Your all caps sent me into such a panic that I almost just clicked ‘publish’ instead of ‘answer’… so…

OKAY EVERY CALM DOWN AND TAKE A DEEP BREATH.

Now is the perfect time to get creative as hell. Go to Target and check out that $1 shit at the front. There are literally billions of dumb things. Get differently colored notecards and some tape. On each dumb thing, think of some cute shit you can do together.

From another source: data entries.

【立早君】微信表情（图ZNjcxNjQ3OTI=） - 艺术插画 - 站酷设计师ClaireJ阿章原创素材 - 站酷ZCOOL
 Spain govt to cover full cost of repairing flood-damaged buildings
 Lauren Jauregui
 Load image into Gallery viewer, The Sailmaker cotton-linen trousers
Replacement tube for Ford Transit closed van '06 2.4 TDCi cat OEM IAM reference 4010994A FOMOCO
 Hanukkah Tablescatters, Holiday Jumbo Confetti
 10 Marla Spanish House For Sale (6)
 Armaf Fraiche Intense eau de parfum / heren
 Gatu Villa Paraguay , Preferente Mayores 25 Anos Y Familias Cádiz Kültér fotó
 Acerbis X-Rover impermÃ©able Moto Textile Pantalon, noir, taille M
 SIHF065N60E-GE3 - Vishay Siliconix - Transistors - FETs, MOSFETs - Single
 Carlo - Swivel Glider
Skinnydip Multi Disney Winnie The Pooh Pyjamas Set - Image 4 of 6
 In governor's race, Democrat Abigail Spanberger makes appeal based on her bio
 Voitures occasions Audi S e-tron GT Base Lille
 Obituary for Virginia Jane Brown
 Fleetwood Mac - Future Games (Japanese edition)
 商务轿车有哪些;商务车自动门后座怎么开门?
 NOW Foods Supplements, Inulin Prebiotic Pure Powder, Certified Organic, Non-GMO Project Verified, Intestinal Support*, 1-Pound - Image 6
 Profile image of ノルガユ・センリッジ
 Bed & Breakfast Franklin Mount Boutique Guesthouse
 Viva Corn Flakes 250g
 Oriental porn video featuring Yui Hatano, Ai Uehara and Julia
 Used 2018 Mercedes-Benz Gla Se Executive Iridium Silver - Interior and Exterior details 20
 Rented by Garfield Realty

1 tiny bag of caramel corn (or available candy) “to chomp while we watch ANY MOVIE OF YOUR CHOICE I WON’T EVEN COMPLAIN ONCE”
1 small plastic dinosaur “our first pet!”
3 diamond shaped chip clips “because every kiss begins with kay, and I’m not rich enough for the real thing”
2 sets of Hello Kitty silverware “for the amazing home cooked meal I’m about to make you”
1 tiny note book – this you fill with love notes. obviously.
etc, etc, etc.

You get the point. You don’t have to put a lot of money into something or have three weeks notice or whatever, just be thoughtful and creative and make it personal. LOVE CONQUERS ALL (does that work here?)

Kristin Says:

Oh my god. “Our first pet.”

*clears throat* I agree – YOU NEED TO CALM DOWN.

Here are my ideas:

1. Make 10 mugs of hot chocolate and put them going down the hallway LEADING TO A FAKE FIREPLACE THAT YOU DREW ON PAPER (or the wall if you’re in college, bc that’s what college kids do), and tell her gift number one is a romantic date where you sit on a pile of blankets by the fake fire and listen to all your favorite music and drink five mugs of hot cocoa each and see what happens…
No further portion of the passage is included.